Summary:
The fundamental design of optimizing compilers has not changed for many decades. It
is oriented around passes, each of which tries to apply a specific transformation. A
celebrated benefit of this design is the separation of concerns, because each
pass is concerned with a single transformation. But what
is subtle is that it also hinders the separation of concerns.
In modern instances of this design,
each pass has at least two responsibilities: performing a transformation and
deciding whether the transformation is profitable. Inevitably, the code dealing with each of these responsibilities
is tightly coupled and one can't interface with or change each piece separately.
However, each of these responsibilities is radically different and the people
having the expertise to improve one do not necessarily have the knowledge
to even understand the other.
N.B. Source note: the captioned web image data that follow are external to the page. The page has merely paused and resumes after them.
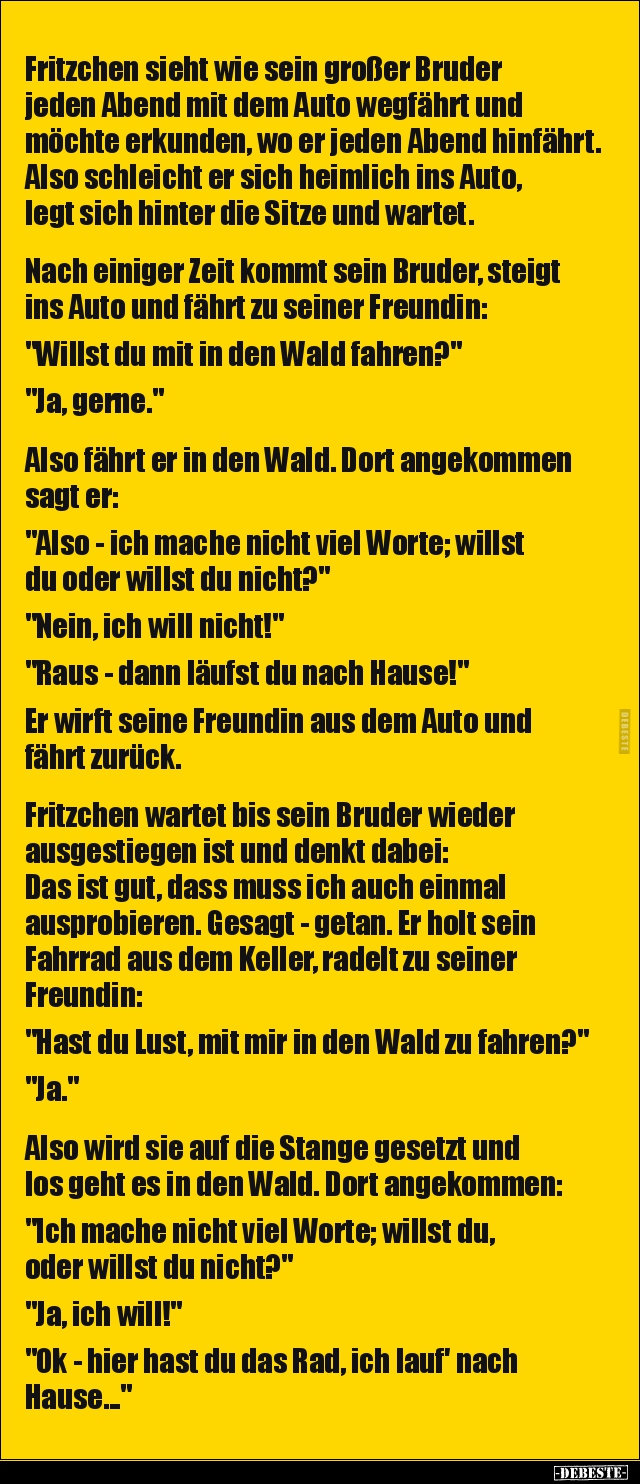 Grosser Bruder Sprueche Lustig hochzeit glückwünsche whatsapp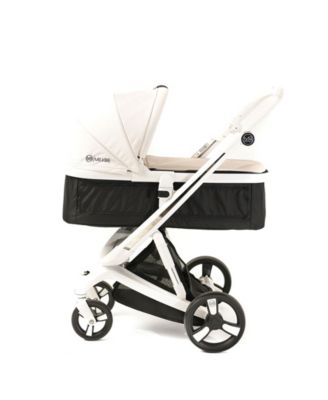 baby carry cot 8 in 1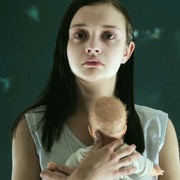 点击查看图片 死寂亡灵 The Quiet Ones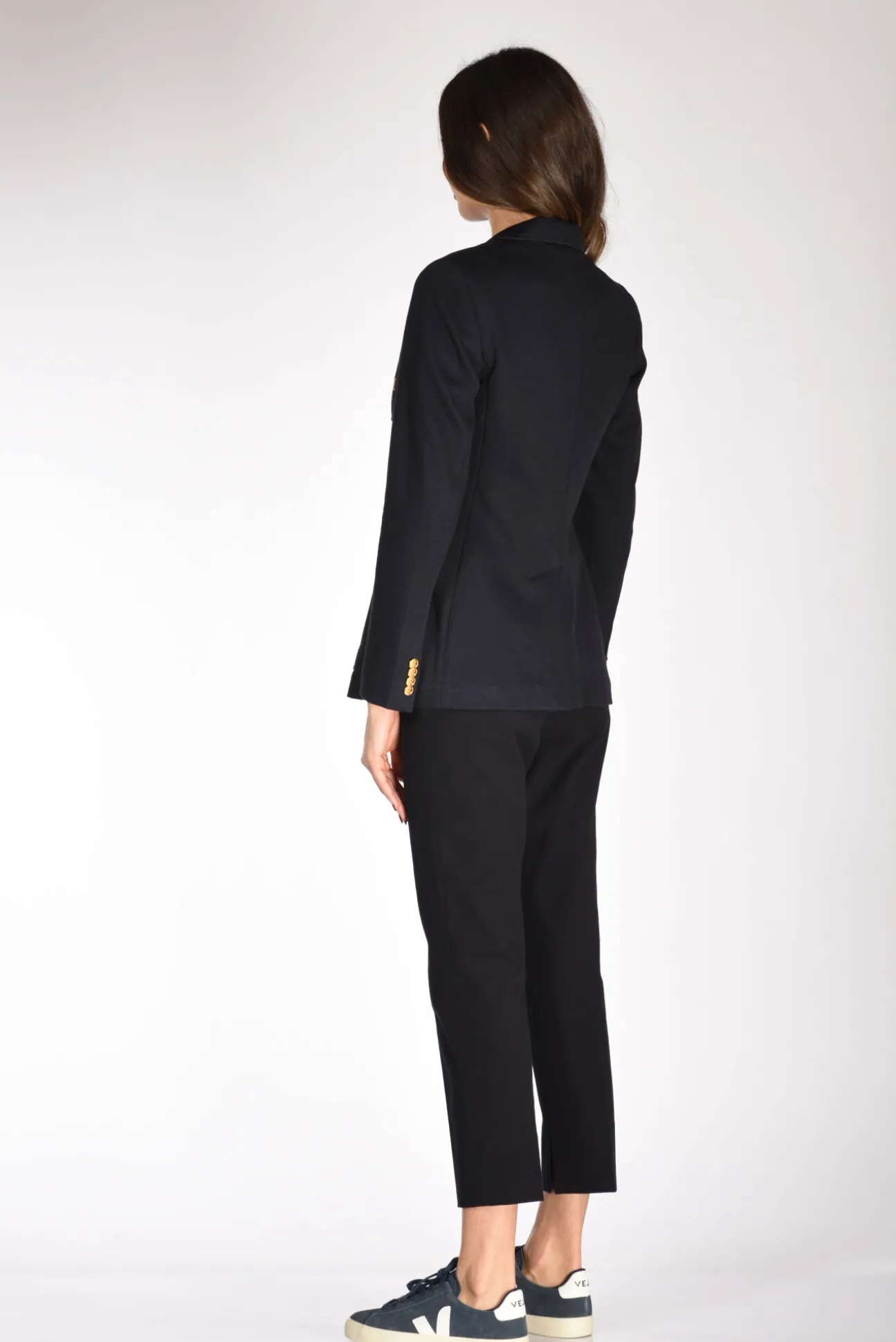 blazer_jaquard_blu_4.webp blazer jaquard blu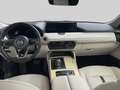 Mazda CX-60 2.5L e-SKYACTIV PHEV AWD TAKUMI CON/DRI/COM/PAN... Schwarz - thumbnail 11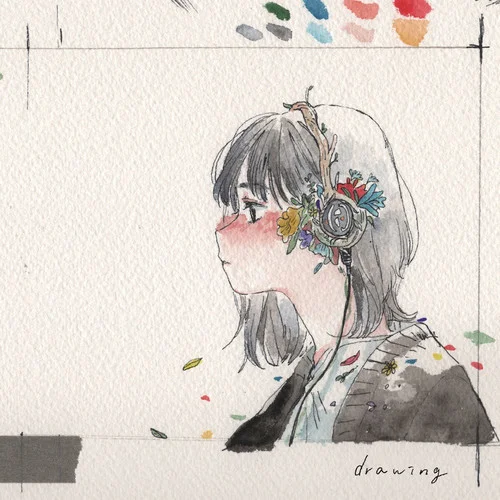 その先に待つものは-YMCK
For instance, profitability
could be picked up by a machine-learning researcher, who is interested in improving the
heuristics used but is not at all interested in learning how the compiler performs
the transformation.
In this thesis, we present a prototype of a transformation,
implemented over the LLVM framework, used to serve a broader goal; that of separating transformations in their own independent, granular APIs. Such APIs should offer high-control and minimal cognitive load to the user, whether this is a compiler expert or not.
The transformation we chose is loop distribution because it is easily comprehensible yet
potentially highly effective, while its implementation is comparable to LLVM's upstream version.
Keywords:
compilers, transformations, API, loop distribution, LLVM